If $X$ admits a Hausdorff compactification, then $X$ is locally compact? I read that if $X$ admits a Hausdorff compactification, that is a compact Hausdorff $C$ such that $X$ is homeomorphic to an open dense subset of $C$, then $X$ is locally compact. Why is that?
 A: Because if $C$ is compact Hausdorff, any open subset of it is locally compact (and Hausdorff). So if $X$ embeds as an open (dense) subset of $C$ it is also locally compact and Hausdorff as its embedded image is. 
A: The statement you wrote is false, but it becomes true if you instead consider the one point compactification, rather than an arbitrary one.

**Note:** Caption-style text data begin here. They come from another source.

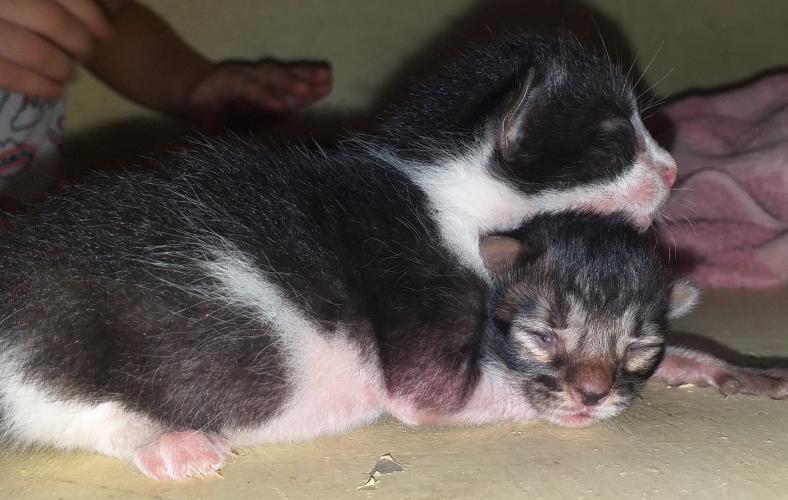 Ellos son Kiki, Kora y kira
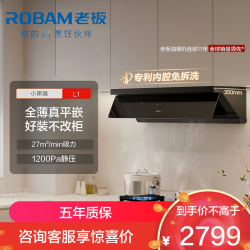 老板 顶侧一体 大吸力 L系列油烟机CXW-260-65X7-L1
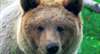 Zweiter Bär im Kanton Graubünden wieder gesichtet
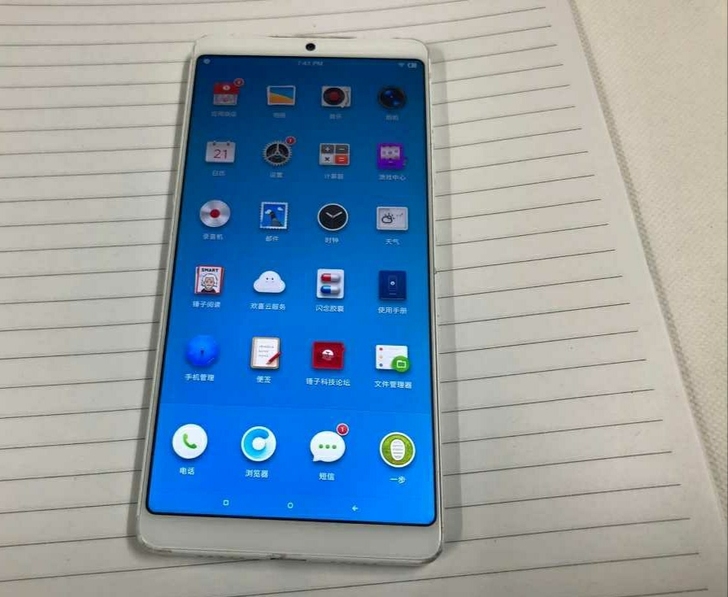 白色经典坚果pro2 6+128g 双卡双...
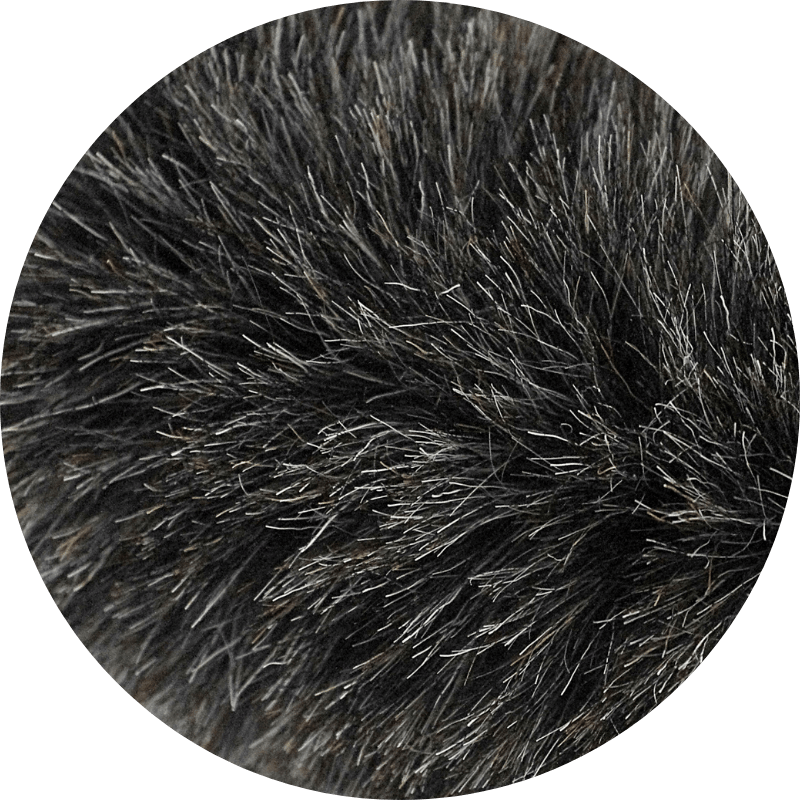 focus-fibres-chevres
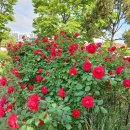 계양경기장 이미지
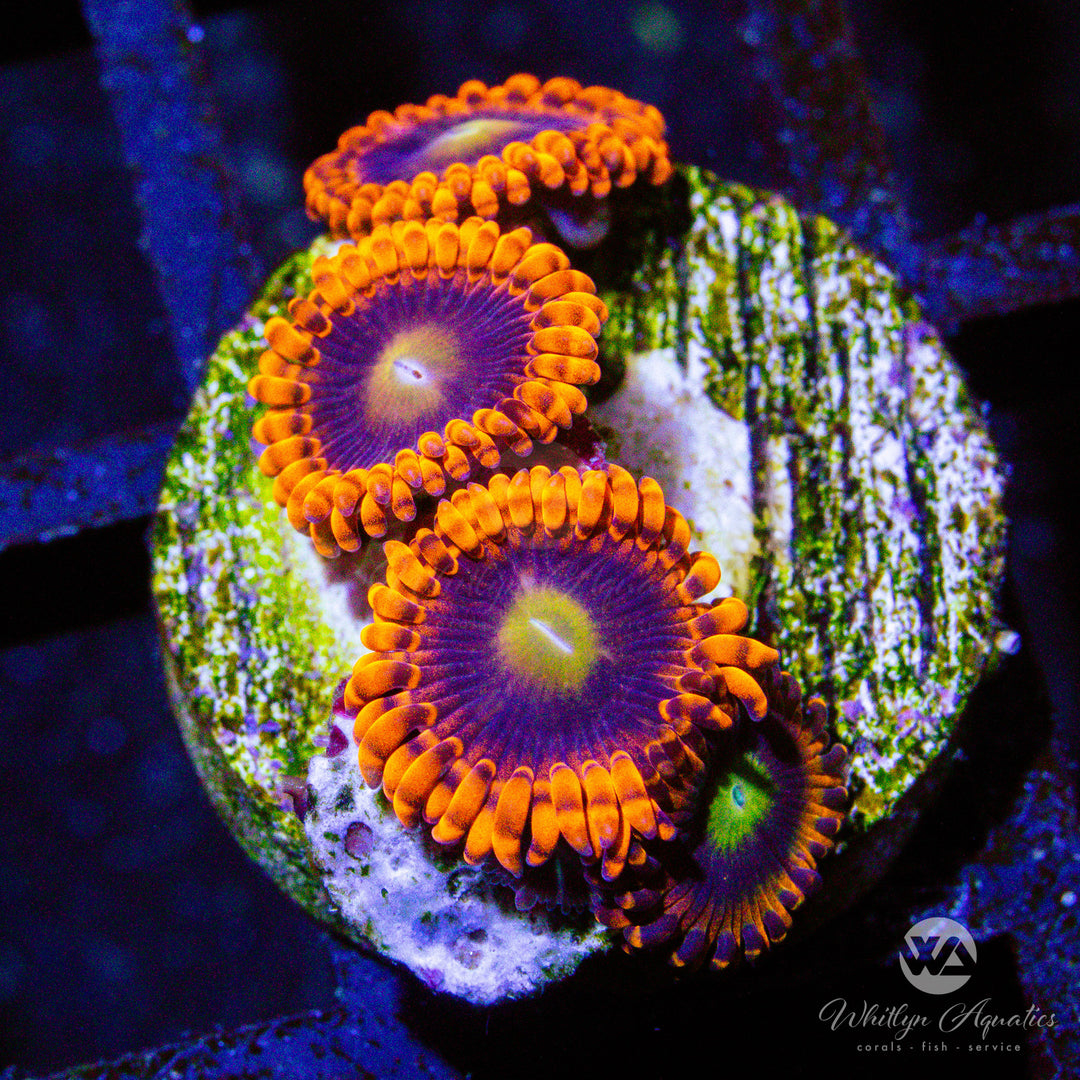 C11 - WA Witch's Brew Zoa - WYSIWYG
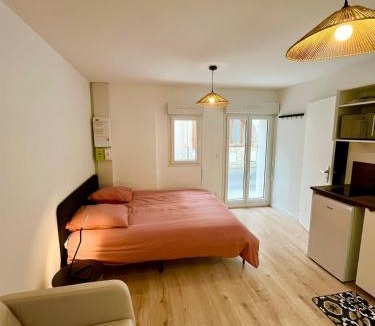 Beaux Arts-Boutonnet Apartment | Studio climatisé, traversant avec verrière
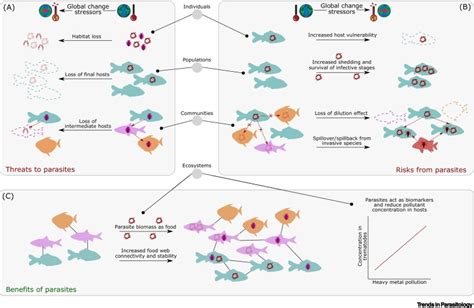  Rhipidozodon! Den Skärseldande Parasiten Med En Oväntad Vän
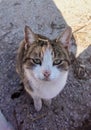 Green eyed cat looking straight in my soul Royalty Free Stock Photo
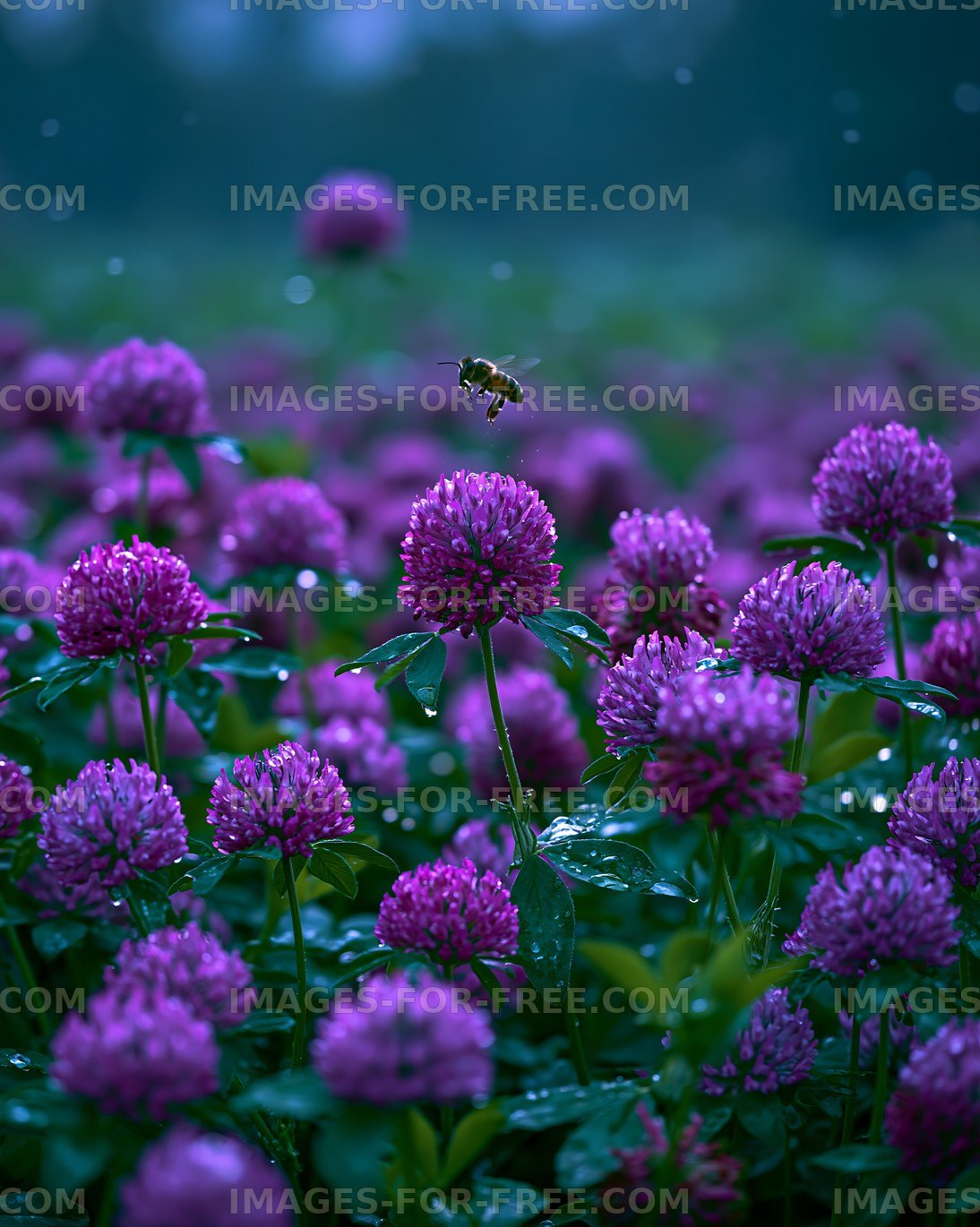 Bee collecting nectar from clover flowers in a field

Let $ X' = X \cup \{\infty\} $ denote the one point compactification of $ X $. Let $ x \in X $. We suppose $ X' $ is Hausdorff, so let $ U $ and $ V $ be disjoint open sets such that $ x \in U $ and $ \infty \in V $. Then $ V $ is an open neighborhood of infinity, so by defintion of the topology of $ X' $, there is some compact closed set $ K $ in $ X $ such that $ V = X'-K $. Then as $ U \cap V = \emptyset $, $ U \subseteq X' - V = K $. Then as $ K $ is closed in $ X $, $ \overline{U} \subseteq K $. Then as $ K $ is compact and $ \overline{U} $ is closed, $ \overline{U} $ is compact, and is therefore a compact neighborhood of $ x $. Thus, $ X $ is locally compact.
In fact, the converse is true as well. A locally compact Hausdorff space admits a Hausdorff one point compactification.